By: Paul A. Clayton (paaronclayton.delete@this.gmail.com), December 4, 2014 1:06 pm
Room: Moderated Discussions
anon (anon.delete@this.anon.com) on December 4, 2014 10:15 am wrote:
> Paul A. Clayton (paaronclayton.delete@this.gmail.com) on December 4, 2014 9:11 am wrote:
[snip]
> There is the forward progress section. Although that is for system-wide forward
> progress.
(I did not notice that next section. Thank you for bringing it to my attention.)
Making guarantees about system-wide forward progress is also an optional implementation-specific feature. (A system can also have unadvertised implementation-specific features. Using undocumented behavior as statistical information for performance tuning might be reasonable, but it can be dangerous to assume one understands the implementation so completely that one can take a behavior as guaranteed, even if it seems the only reasonable explanation of observed behavior. (Even if one determined that a given chip is implemented such that the behavior is guaranteed, it is possible that defects even within the same stepping might cause deviation while still upholding architectural behavior and so being sellable.)
> What I remember is that POWER CPUs also guarantee individual forward
> progress given particular restrictions on the critical section.
>
> I can't find the reference yet.
It does not surprise me that a more recent POWER implementation would have stronger guarantees since IBM is a high-end systems vendor (iSeries could broadly exploit such implementation-specific features since it uses an intermediate binary format; for pSeries, AIX and its system libraries (and DB2) could readily exploit such features and modifying selected open source software might be practical).
[snip]
> Power ISA does not it seems, but it allows particular implementations to. POWER CPUs do.

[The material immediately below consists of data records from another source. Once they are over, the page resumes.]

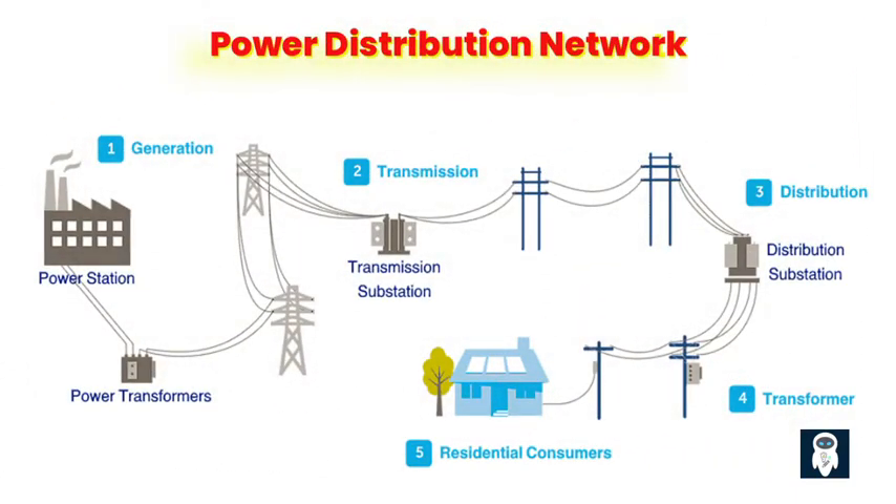Power distribution plays a crucial role in ensuring a reliable and efficient supply of electricity to consumers. Within the realm of power distribution, medium-voltage lines are an essential component that connects the high-voltage transmission lines to end-users.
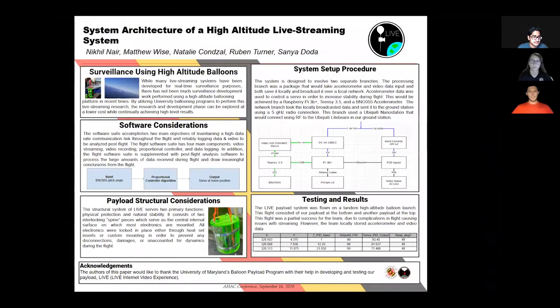Modern methods of surveillance can be achieved through various methods including drones, satellite imagery, and aircraft surveillance. However, many of these methods have design flaws. Most notably, these design flaws include power usage issues, detectability, and range of coverage.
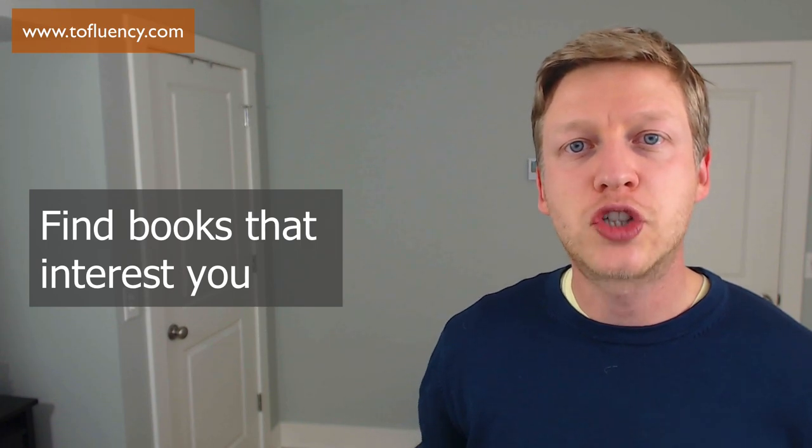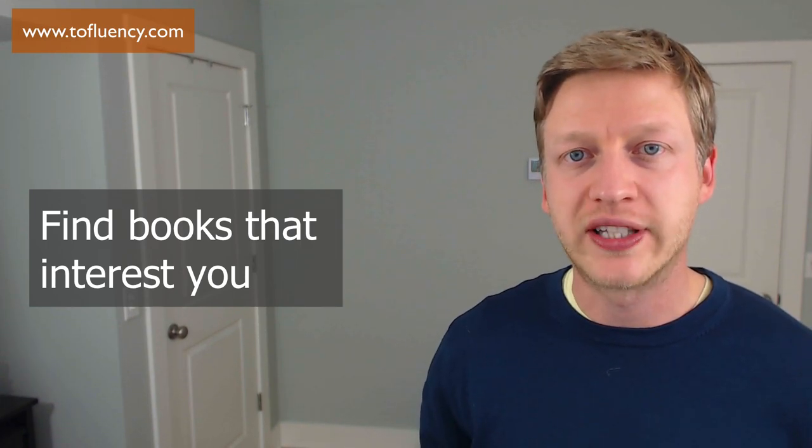As you progress with your English, and if you are an intermediate learner now, I recommend that you find more native materials. Find books that have not been written specifically for English learners. Find books that are native, books that have just been written in different genres, and remember, choose a book that is going to interest you. Find books on topics that you find interesting.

> Software does actually make some assumptions about it too. Linux does not include "backoff"
> and livelock protection in its primitives (like e.g., compxchg based SPARC does).
Interesting.
[snip]
>> (A perhaps better interface would allow each requester to ask for the response to be put in a
>> mailbox since the result is probably not an immediate data dependency. I suppose such could be
>> kludged in to existing systems by adding an undefined state for blocks of memory, so the
>
> What's wrong with existing non blocking loads or OOOE mechanism or avoiding a stall?
OoO has a relatively limited window and using it for this would be like not allowing later instructions to commit because a prefetch instruction has not yet committed. The above mentioned mechanism would be more like (software) asynchronous I/O or stalling the reading thread and spawning a thread to continue with the portion of the task that does not have a data dependency on the read (which thread would join with the stalled reading thread when its non-dependent work was done and might check to see if the value is ready early). Supporting metadata allows software to use the full data range and avoids the need for hardware and software collaboration on how metadata is encoded in the data. (The other thread might be dependent on the validity of the pending read. E.g., a higher level software recovery mechanism might be required if a hardware failure or other event prevents the value from ever being available, but such would be required anyway for the permanently stalled thread.)
I don't know of any ISA that provides, e.g., a fire-and-forget atomic increment (which might be useful for performance counters). (Incidentally, there may also be case where a reader does not especially care about the temporal precision of a value, i.e., stale data may be good enough for some uses.)
> The complexity would be in the cache coherency protocol and how to send it to the core. The
> difficulty I guess would be in providing it to that register only, as a one-shot deal.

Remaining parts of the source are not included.